#### Notebook Description


## Index


In [3]:
import pandas as pd


In [4]:
df_incomes = pd.read_csv('./Data/zip_income_3col')
df_incomes = df_incomes.drop('Unnamed: 0', axis=1)

In [5]:
df_pops = pd.read_csv('./Data/pop-by-zip-code.csv')
df_pops = df_pops[['zip_code', 'y-2016']]

In [6]:
not_in_pops = [i for i in df_incomes['zipcode'] if i not in df_pops['zip_code']]
in_both = [i for i in df_incomes['zipcode'] if i in df_pops['zip_code']]
not_in_incomes = [i for i in df_pops['zip_code'] if i not in df_incomes['zipcode']]

In [7]:
len(not_in_incomes),len(not_in_pops),len(in_both)

(23549, 20132, 9842)

### Input Zip Codes

Get list of zip codes to return data from.

In [34]:
output_dict = {'zipcode': {},
               'income': {},
               'state': {},
               'population': {}}
output_df = pd.DataFrame(output_dict)
print('Enter zip codes for review.  When all are added, type done as input.')
while True:
    new_zip = input('Zip code: ')
    if new_zip.lower() == 'done':
        break
    try:
        output_df = output_df.append(df_incomes[(df_incomes.zipcode==int(new_zip))], sort=False)
        pop = df_pops.loc[df_pops['zip_code'] == int(new_zip), ['y-2016']].values[0]
        output_df.loc[output_df['zipcode'] == int(new_zip), ['population']] = pop
    except:
        print('Invalid zip code entered or database is missing information for this code.')
output_df = output_df.reset_index(drop=True)
output_df

Enter zip codes for review.  When all are added, type done as input.
Zip code: 36005
Zip code: 36006
Zip code: don
Invalid zip code entered or database is missing information for this code.
Zip code: done


Unnamed: 0,zipcode,income,state,population
0,36005.0,28829.0,AL,1680.0
1,36006.0,24941.0,AL,1342.0


### Visualization

Graphic to show which zip codes were selected.

###  Analysis output
1. Sum total income lost among all zip codes
2. Sum total population affected
3. List all states affected

In [9]:
def summary(output):
    print('average income per zip code : ' + str(output['income'].mean()))
    print('median income per zip code : ' + str(output['income'].median()))
    print('states concerned : ' + str(output['state'].unique()))
    print('mean population per zip code : ' + str(output['population'].mean()))    
    print('median population per zip code : ' + str(output['population'].median()))

In [10]:
summary(output_df)

average income per zip code : 28829.0
median income per zip code : 28829.0
states concerned : ['AL']
mean population per zip code : 1680.0
median population per zip code : 1680.0


### Getting counties corresponding to each zip code

dada import, selection and getting the county str out of the county feature because unnecessary

In [48]:
zip_to_counties = pd.read_csv('./Data/zip_to_counties.csv')
zip_to_counties.drop(zip_to_counties.columns[2:],axis=1,inplace = True)
zip_to_counties.columns = ['zipcode','county']
zip_to_counties['county'] = zip_to_counties['county'].str.replace(' County','')
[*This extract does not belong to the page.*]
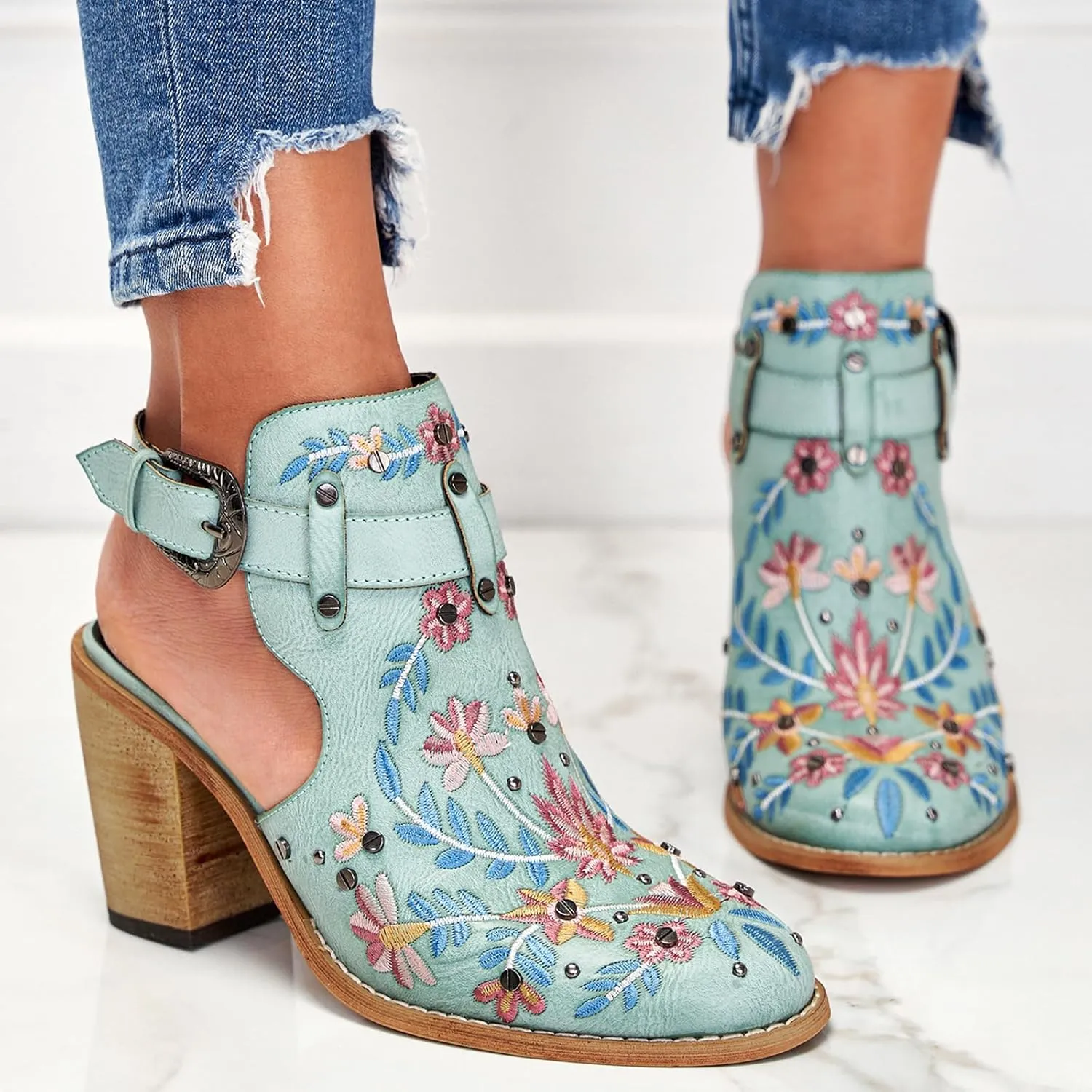 Women's Mexican Floral Embroidered Chunky Heels Sandal Buckle Ankle Strap Closed Toe Block High Heel Sandals Vintage Rivets Dress Slingback Pumps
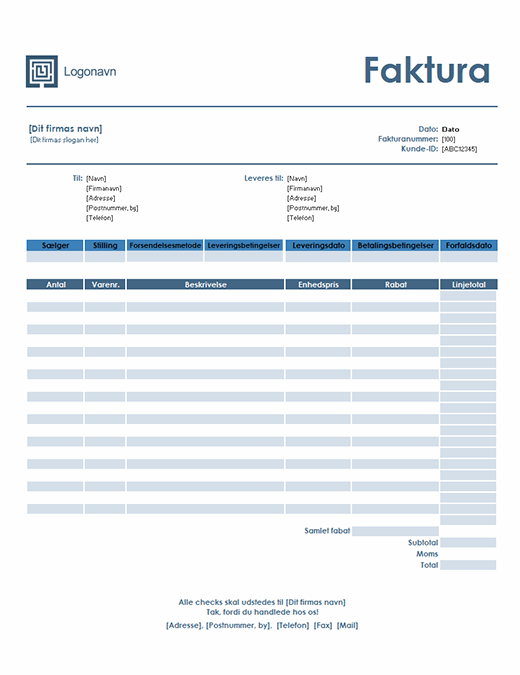 Salgsfaktura (enkelt blåt design)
Once again just to look how many zip codes are common in our dataframes, on 9842 common zip codes for our two dataframes df_incomes and df_pops we have 9751 common ones with zip_to_counties. This could indicate that the zipcodes they have in common are important. 

In [49]:
commons = [i for i in zip_to_counties['zipcode'] if i in df_incomes['zipcode']]
commons_to_all = [i for i in zip_to_counties['zipcode'] if i in in_both]
len(commons),len(set(commons_to_all))

(13095, 9751)

In [50]:
def get_counties(output):
    list_of_counties = [ list(zip_to_counties[zip_to_counties['zipcode'] == i]['county']) for i in output['zipcode'] ]
    output['counties'] = list_of_counties

In [51]:
get_counties(output_df)

In [52]:
output_df

Unnamed: 0,zipcode,income,state,population,counties
0,36005.0,28829.0,AL,1680.0,"[Bullock, Pike]"
1,36006.0,24941.0,AL,1342.0,"[Autauga, Chilton]"